Home > Haematology > EHA 2022 > Single-dosed exa-cel leads to early and durable increase of foetal haemoglobin

Single-dosed exa-cel leads to early and durable increase of foetal haemoglobin

Presented By
Prof. Franco Locatelli, University of Pavia, Italy
Conference
EHA 2022
Trial
Phase 2, CLIMB THAL-111, CLIMB SCD-121
Exa-cel, an ex vivo CRISPR/Cas9 gene-editing therapy, is associated with an early, consistent, and durable increase in foetal haemoglobin (Hb) and total Hb in patients with transfusion-dependent β-thalassemia or severe sickle cell disease, results from CLIMB THAL-111 and CLIMB SCD-121 show.

Diminished production of adult HbA is a common feature in transfusion-dependent β-thalassemia and sickle cell disease. Elevated production of foetal Hb is associated with improved outcomes in these diseases. Naturally occurring genetic polymorphisms in BCL11A are associated with reduced expression of BCL11A resulting in elevated production of foetal Hb and decreased severity of transfusion-dependent β-thalassemia and sickle cell disease [1]. Exa-cel, also known as CTX001, is a cell therapy designed to reactivate foetal Hb production by ex vivo CRISPR/Cas9 gene-editing of BCL11A in autologous CD34-positive haematopoietic stem and progenitor cells (HSPCs).

The open-label, single-arm CLIMB THAL-111 trial (NCT03655678) and CLIMB SCD-121 trial (NCT03745287) evaluate the efficacy and safety of exa-cel in patients with transfusion-dependent β-thalassemia and severe sickle cell disease, respectively. Prof. Franco Locatelli (University of Pavia, Italy) presented the results of these trials [2].
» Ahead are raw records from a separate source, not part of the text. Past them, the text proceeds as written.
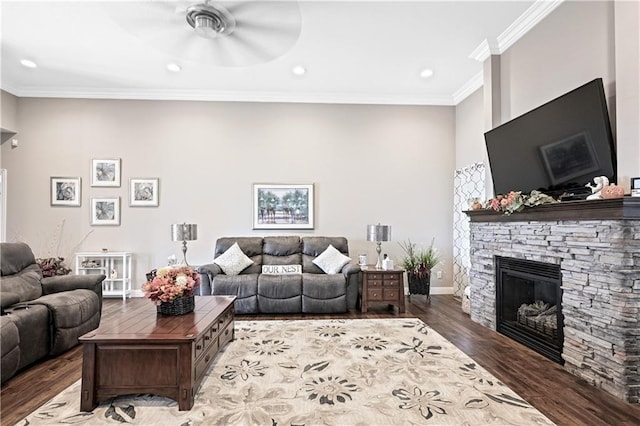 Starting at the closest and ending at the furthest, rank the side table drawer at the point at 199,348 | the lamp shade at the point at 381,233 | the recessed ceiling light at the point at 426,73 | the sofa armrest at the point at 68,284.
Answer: the side table drawer at the point at 199,348 < the sofa armrest at the point at 68,284 < the recessed ceiling light at the point at 426,73 < the lamp shade at the point at 381,233

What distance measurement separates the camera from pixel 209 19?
2982 mm

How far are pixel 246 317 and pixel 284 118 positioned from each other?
11.0 feet

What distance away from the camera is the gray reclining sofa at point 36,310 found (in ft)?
8.75

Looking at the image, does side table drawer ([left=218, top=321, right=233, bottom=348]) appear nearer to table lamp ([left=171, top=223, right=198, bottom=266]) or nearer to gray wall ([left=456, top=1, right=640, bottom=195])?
table lamp ([left=171, top=223, right=198, bottom=266])

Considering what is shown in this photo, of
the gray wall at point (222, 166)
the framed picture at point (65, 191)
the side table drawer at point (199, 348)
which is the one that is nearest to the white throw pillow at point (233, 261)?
the gray wall at point (222, 166)

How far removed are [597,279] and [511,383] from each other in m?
1.02

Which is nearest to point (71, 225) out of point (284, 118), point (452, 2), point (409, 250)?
point (284, 118)

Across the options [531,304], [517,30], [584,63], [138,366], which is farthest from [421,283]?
[138,366]

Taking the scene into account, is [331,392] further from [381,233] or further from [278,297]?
[381,233]

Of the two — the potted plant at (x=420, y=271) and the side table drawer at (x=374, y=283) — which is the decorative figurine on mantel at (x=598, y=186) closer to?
the side table drawer at (x=374, y=283)

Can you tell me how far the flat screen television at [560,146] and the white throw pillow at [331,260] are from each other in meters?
2.33

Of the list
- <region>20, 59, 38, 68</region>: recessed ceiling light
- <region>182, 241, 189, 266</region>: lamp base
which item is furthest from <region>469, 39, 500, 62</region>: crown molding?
<region>20, 59, 38, 68</region>: recessed ceiling light

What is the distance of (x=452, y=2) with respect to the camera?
11.4ft

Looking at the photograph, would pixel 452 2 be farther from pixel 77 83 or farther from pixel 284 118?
pixel 77 83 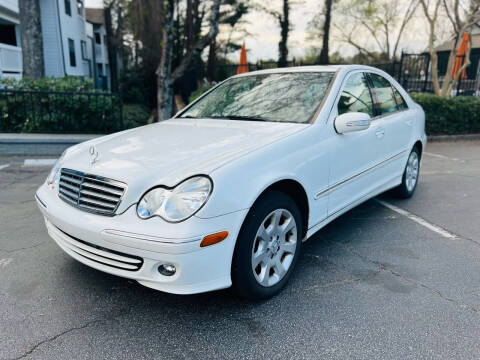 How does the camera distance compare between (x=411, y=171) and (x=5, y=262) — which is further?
(x=411, y=171)

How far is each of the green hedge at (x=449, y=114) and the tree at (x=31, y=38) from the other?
9.37 m

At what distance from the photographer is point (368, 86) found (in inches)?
152

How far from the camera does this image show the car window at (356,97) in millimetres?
3363

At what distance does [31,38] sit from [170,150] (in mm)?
8255

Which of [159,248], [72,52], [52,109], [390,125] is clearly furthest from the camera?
[72,52]

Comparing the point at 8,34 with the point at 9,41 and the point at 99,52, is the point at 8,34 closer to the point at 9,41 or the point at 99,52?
the point at 9,41

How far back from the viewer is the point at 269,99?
3443 millimetres

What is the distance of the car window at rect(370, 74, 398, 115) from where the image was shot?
3.94 m

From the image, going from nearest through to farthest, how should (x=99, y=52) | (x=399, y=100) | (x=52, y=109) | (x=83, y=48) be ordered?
(x=399, y=100)
(x=52, y=109)
(x=83, y=48)
(x=99, y=52)

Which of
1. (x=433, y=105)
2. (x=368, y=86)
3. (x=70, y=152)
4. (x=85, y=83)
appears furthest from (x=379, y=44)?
(x=70, y=152)

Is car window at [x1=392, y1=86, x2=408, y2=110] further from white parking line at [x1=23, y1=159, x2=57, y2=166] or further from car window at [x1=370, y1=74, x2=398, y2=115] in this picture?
white parking line at [x1=23, y1=159, x2=57, y2=166]

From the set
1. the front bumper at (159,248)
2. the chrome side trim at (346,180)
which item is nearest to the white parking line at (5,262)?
the front bumper at (159,248)

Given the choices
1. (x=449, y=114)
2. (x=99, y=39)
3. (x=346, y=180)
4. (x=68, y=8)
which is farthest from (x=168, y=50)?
(x=99, y=39)

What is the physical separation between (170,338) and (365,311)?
1258 mm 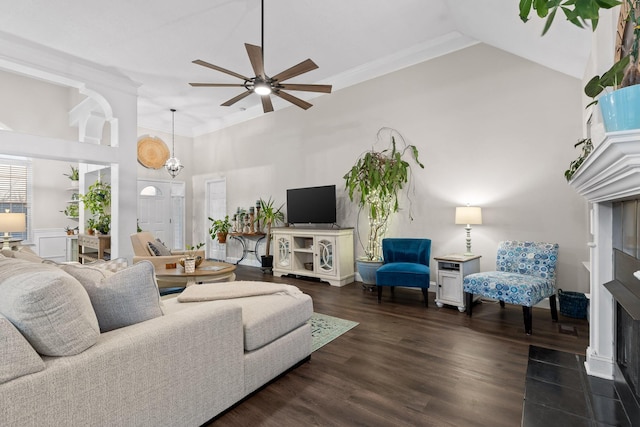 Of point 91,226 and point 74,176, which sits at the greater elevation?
point 74,176

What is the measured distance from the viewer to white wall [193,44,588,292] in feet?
11.4

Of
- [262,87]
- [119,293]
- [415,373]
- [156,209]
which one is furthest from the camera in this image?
[156,209]

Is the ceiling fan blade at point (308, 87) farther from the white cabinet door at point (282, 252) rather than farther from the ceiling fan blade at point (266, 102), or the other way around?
the white cabinet door at point (282, 252)

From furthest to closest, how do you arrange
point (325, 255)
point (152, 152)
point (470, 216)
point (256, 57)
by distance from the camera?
point (152, 152)
point (325, 255)
point (470, 216)
point (256, 57)

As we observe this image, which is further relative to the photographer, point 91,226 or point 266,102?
point 91,226

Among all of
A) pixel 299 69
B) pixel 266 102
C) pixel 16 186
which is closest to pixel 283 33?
pixel 266 102

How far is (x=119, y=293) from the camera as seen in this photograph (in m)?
1.47

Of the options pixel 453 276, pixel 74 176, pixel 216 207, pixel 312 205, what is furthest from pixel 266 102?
pixel 74 176

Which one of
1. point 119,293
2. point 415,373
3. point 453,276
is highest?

In CLIMB THAL-111, 44 patients were infused with a single dose of exa-cel (median 7.5 x 106 cells/kg) and in CLIMB SCD-121, 31 patients were infused with a single dose of exa-cel (median 4.0 x 106 cells/kg). In the CLIMB THAL-111 trial, 42 of 44 patients became transfusion-independent after exa-cel therapy. Two patients had reductions (75% and 89%, respectively) in transfusion volume. All patients in the CLIMB SCD-121 trial became free from vaso-occlusive crises after exa-cel therapy. In both trials, production of foetal Hb increased in time. In β-thalassemia patients, foetal Hb concentration was >9 g/dL by month 4 and thereafter further increased to 12 g/dL. In sickle cell disease patients, foetal Hb concentration was 5 g/dL by month 4 and thereafter further increased to 6 g/dL (total Hb 11 g/dL). Proportions of edited BCL11A alleles in bone marrow CD34-positive HSPCs and peripheral blood mononuclear cells were stable in patients with ≥1 year follow-up.

The exa-cell safety profile was consistent with that of busulfan myeloablation and autologous haematopoietic stem cell transplantation. Two patients with β-thalassemia had exa-cel-related serious adverse events.

“This data shows that a single dose of exa-cel in patients with transfusion-dependent β-thalassemia or sickle cell disease leads to an early increase in foetal Hb and total Hb that is durable up to 3 years,” concluded Dr Locatelli. “Therefore, exa-cel has the potential to be the first CRISPR/Cas9-based therapy to provide a functional cure for patients with transfusion-dependent β-thalassemia or severe sickle cell disease.”

  1. Bauer DE, et al. Science 2013;342:253–257.

  2. Locatelli F, et al. Efficacy and safety of a single dose of CTX001 for transfusion-dependent beta-thalassemia and severe sickle cell disease. Abstract LB2367. EHA2022 Hybrid Congress, 09–12 June.